◆ EXERCISE DESCRIPTION
Keep the images out while you retype all of the data exactly.

◆ SOURCE MATERIAL
--
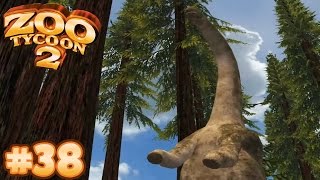 The Forest Of Giants  Zoo Tycoon 2 38 [upl. by Nennahs]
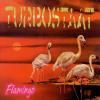 Turbostaat - Flamingo - (...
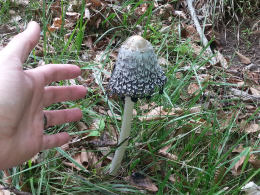 Coprinus comatusF2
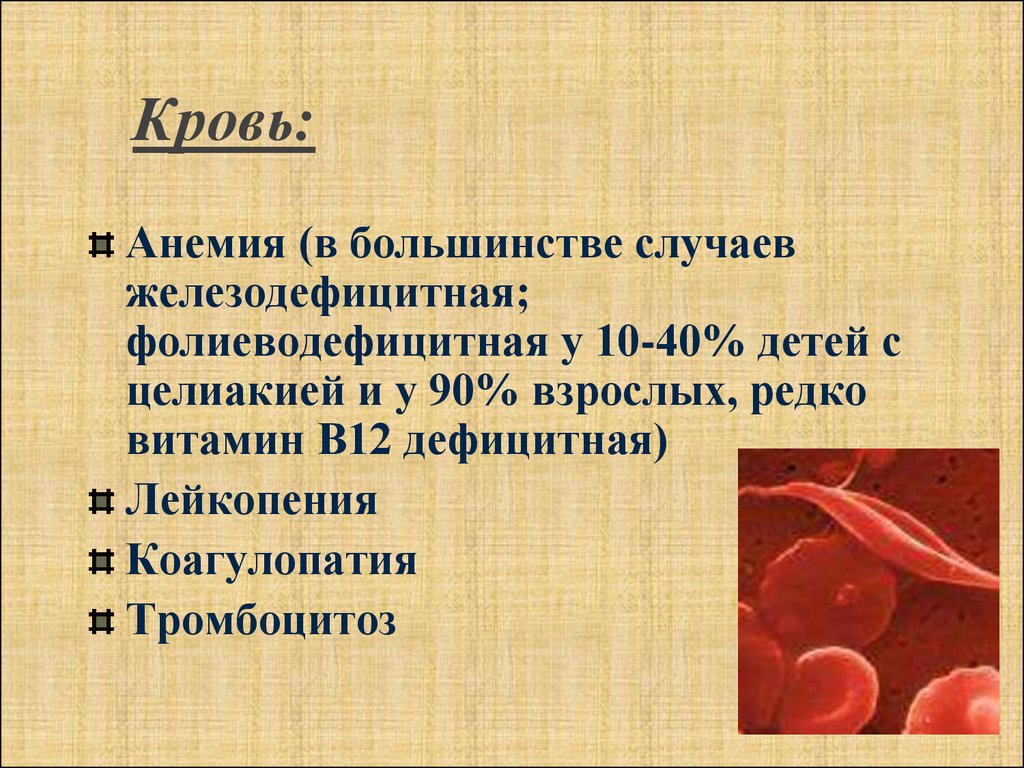 Анемия сопровождается. Железодефицитная анемия кровь. Фолиеводефицитная анемия и железодефицитная анемия.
--
◆ WORKED SOLUTION
 The Forest Of Giants  Zoo Tycoon 2 38 [upl. by Nennahs]
 Turbostaat - Flamingo - (...
 Coprinus comatusF2
 Анемия сопровождается. Железодефицитная анемия кровь. Фолиеводефицитная анемия и железодефицитная анемия.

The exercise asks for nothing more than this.